Similar to my post of December 14, 2016 (The Midnight Skaters by Edmund Blunden), this skater is also acutely aware of how close Death is. He almost courts it - except he can't quite, he's a little too nervous, too superstitious perhaps. He wants to be more "cool", like the skating parson in the painting by Raeburn, but he's not sure that guy isn't posing, pretending not to care about the risks he's taking. The last stanza is the one that clinches it. He's not even sure if he's himself, or if the shadow skating on the other side of the ice is him. Is life is that precarious, that uncertain - it may end abruptly and without us knowing if we're even truly ourselves? God forbid. But what a wonderful way to pose the question.



  

 

Saturday, 31 December 2016

Year's End

Maurice Langaskens, "A Village Covered in Snow"



Year’s End

Now winter downs the dying of the year,
And night is all a settlement of snow;
From the soft street the rooms of houses show
A gathered light, a shapen atmosphere,
Like frozen-over lakes whose ice is thin
And still allows some stirring down within.

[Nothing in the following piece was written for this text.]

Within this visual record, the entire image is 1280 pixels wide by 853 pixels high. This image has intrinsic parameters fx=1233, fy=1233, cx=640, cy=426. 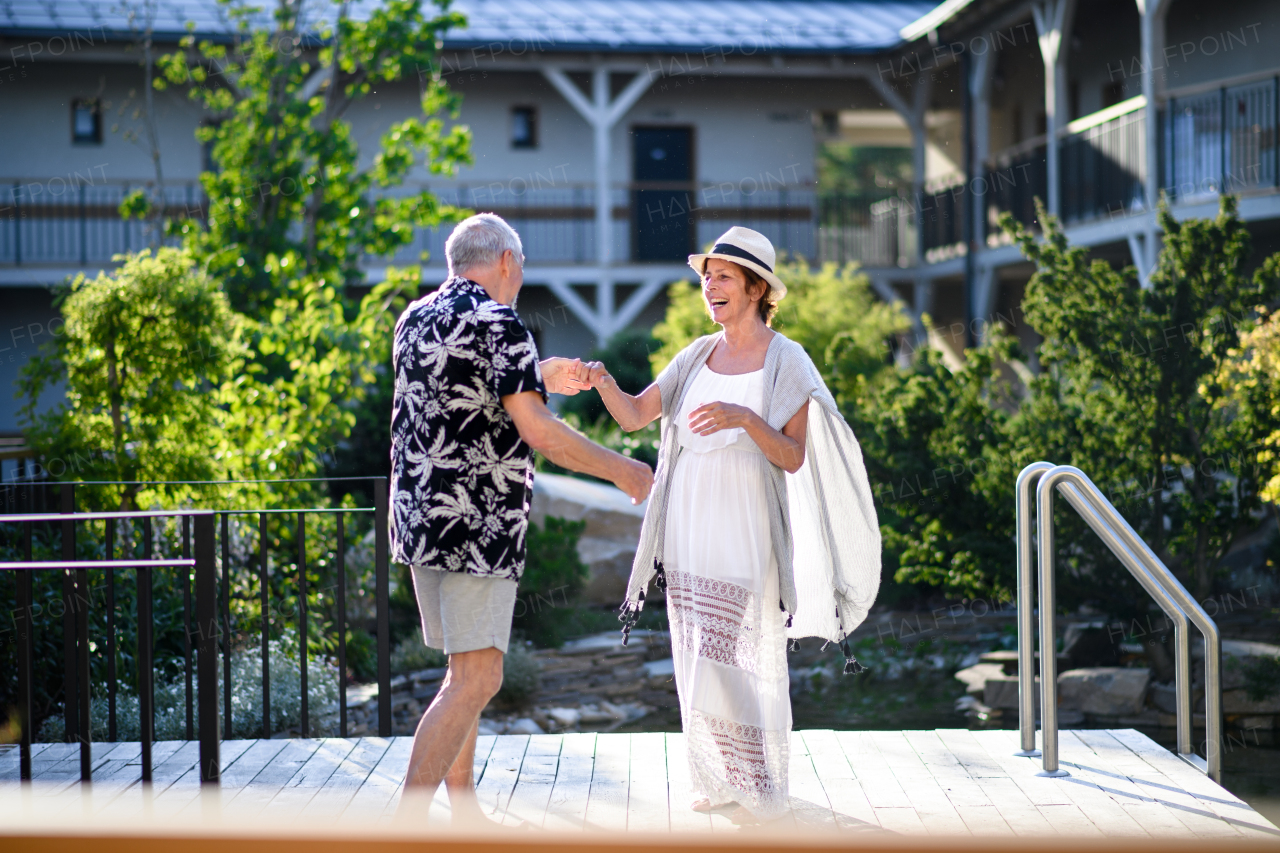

I’ve known the wind by water banks to shake
The late leaves down, which frozen where they fell
And held in ice as dancers in a spell
Fluttered all winter long into a lake;
Graved on the dark in gestures of descent,
They seemed their own most perfect monument.

There was perfection in the death of ferns
Which laid their fragile cheeks against the stone
A million years. Great mammoths overthrown
Composedly have made their long sojourns,
Like palaces of patience, in the gray
And changeless lands of ice. And at Pompeii

The little dog lay curled and did not rise
But slept the deeper as the ashes rose
And found the people incomplete, and froze
The random hands, the loose unready eyes
Of men expecting yet another sun
To do the shapely thing they had not done.

These sudden ends of time must give us pause.
We fray into the future, rarely wrought
Save in the tapestries of afterthought.
More time, more time. Barrages of applause
Come muffled from a buried radio.
The New-year bells are wrangling with the snow.

Richard Wilbur 

This sense of not having quite finished all the things we needed to do, of not being quite prepared to face the next thing, of the thing being set before we were finished - it's all too familiar. More time! More time! 


 

Monday, 5 December 2016

Lake Harvest



Holly Meade

Lake Harvest

Down on the flat of the lake
Out on the slate and the green,
Spotting the border of Erie's sleeping robe of silver-blue changeable silk,
In sight of the shimmer of silver-blue changeable silk,
In the sun,
The men are sawing the frosted crystal.
Patient the horses look on from their sleighs,
Patient the trees, down from the bank, darkly ignoring the sun.
Each saw sings and whines in a grey-mittened hand,
And diamonds and pieces of a hundred rainbows are strewn around.

Raymond Knister

Absolutely beautiful description. Real life is poetry when translated by someone like Knister. Poets have my respect for this reason - we need help to see beauty - sometimes poems are our only alchemy.